After the fire, and despite an occasional public murmur suggesting the remains be leveled and the property be used as parking, the County leadership was immediately focused on rebuilding on the Courthouse site. A clear mandate from the community was to develop a design that was reminiscent of the old courthouse and add to the architectural character and the tourism spirit of Berkeley Springs. If the original building could not be replaced, the new courthouse should capture the historic memory of the old building and, to some degree, its details. Additionally, the 1924 building had numerous non-beholding additions that took from the essence of the original. A new building was an opportunity to incorporate the added area under a single roof and create a new courthouse complex.

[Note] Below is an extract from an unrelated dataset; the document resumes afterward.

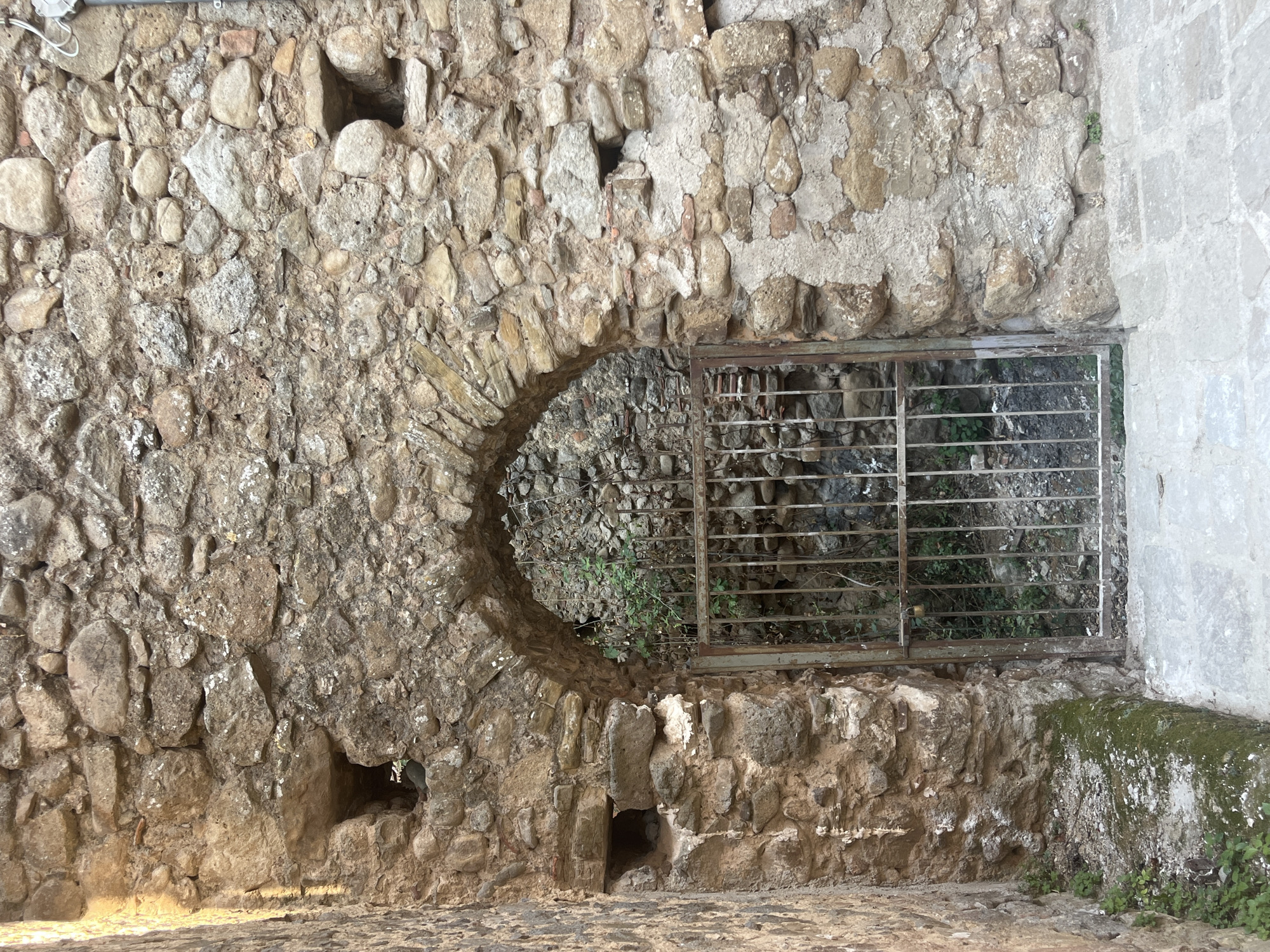 This image depicts a rustic stone archway with a weathered metal gate in Vallo della Lucania, Italy. The stonework of the archway is rough and uneven, composed of various sizes and colors of natural stones, interspersed with patches of older mortar. Two small, square openings are visible in the stonework to the left and right of the arch, suggesting historical defensive features or ventilation shafts. The metal gate is simple, with vertical bars and a small padlock securing it. Beyond the gate, dense greenery and more stonework are visible, hinting at a hidden courtyard or passage. The ground in front of the arch is paved with light-colored, irregular flagstones, with a moss-covered stone ledge to the left. The overall scene conveys a sense of age and neglect, characteristic of historical architecture in older European towns.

The new courthouse has a dominant corner entry element that anchors the building composition and addresses both Fairfax and Washington Streets responding to the current urban circulation patterns, by contrast to the single entry from Fairfax Street of 1924. The entry element features two grand retro-classical stone arches, reminiscent of the historic building entry, yet enlarged to the scale of the two-story volume of the entry plaza. The corner element features a lighted clock-tower that recalls the 1924 cupola. The new entry responds to the presence of the state park and the central business district located along the Fairfax Street edge and the shops located across Washington Street. Additionally, the building is pulled back from the common line of the adjacent buildings located on Washington Street to create a hardscape public plaza and an ADA ramp/building signage element.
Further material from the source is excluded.